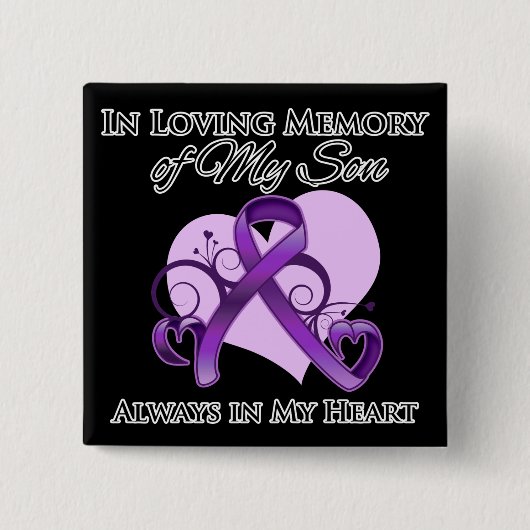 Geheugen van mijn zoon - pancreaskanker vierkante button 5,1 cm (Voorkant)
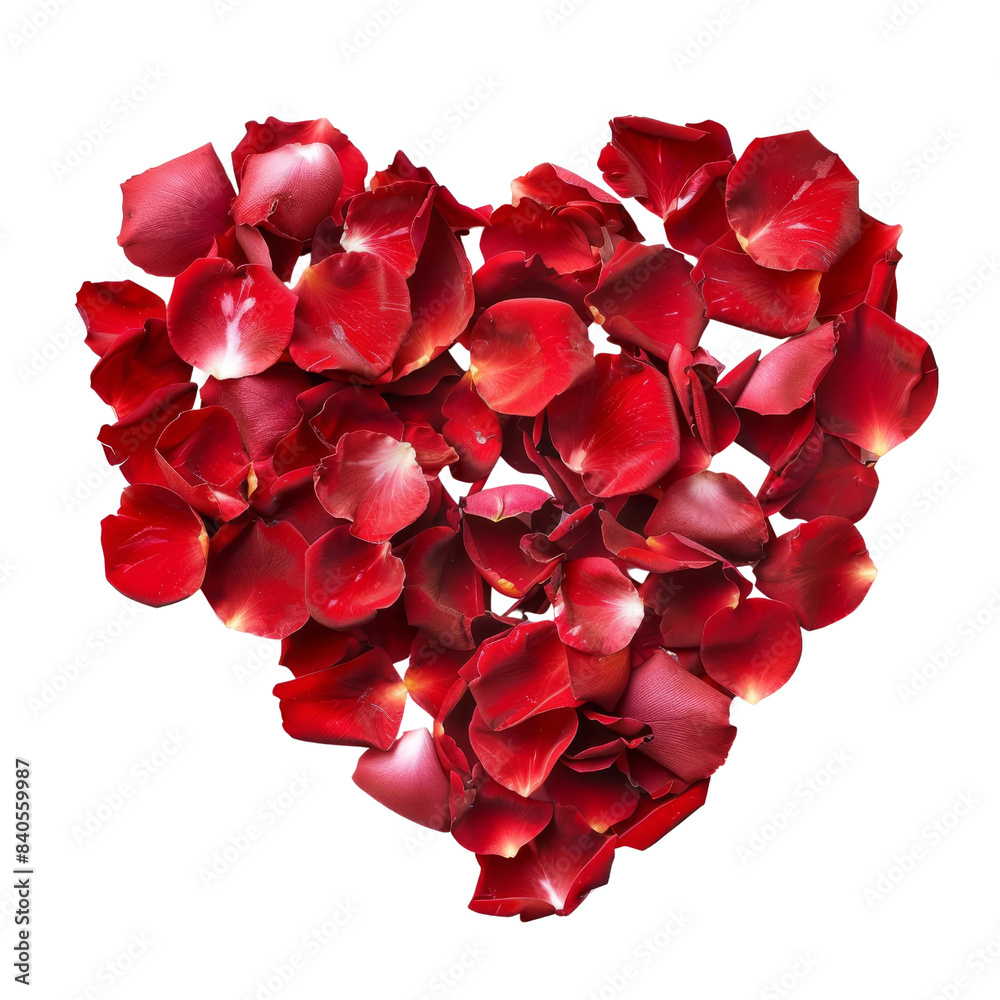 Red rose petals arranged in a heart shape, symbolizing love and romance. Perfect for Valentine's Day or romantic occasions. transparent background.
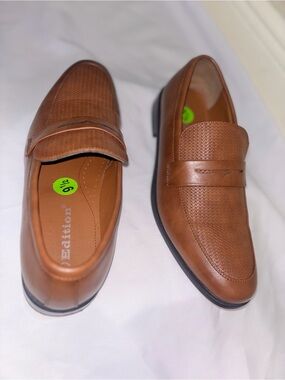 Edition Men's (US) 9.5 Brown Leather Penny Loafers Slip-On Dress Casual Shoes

════════

Please restate all of the listing above word for word, with no pictures.

Answer for the task —
 Geheugen van mijn zoon - pancreaskanker vierkante button 5,1 cm (Voorkant)
 Red rose petals arranged in a heart shape, symbolizing love and romance. Perfect for Valentine's Day or romantic occasions. transparent background.
 Edition Men's (US) 9.5 Brown Leather Penny Loafers Slip-On Dress Casual Shoes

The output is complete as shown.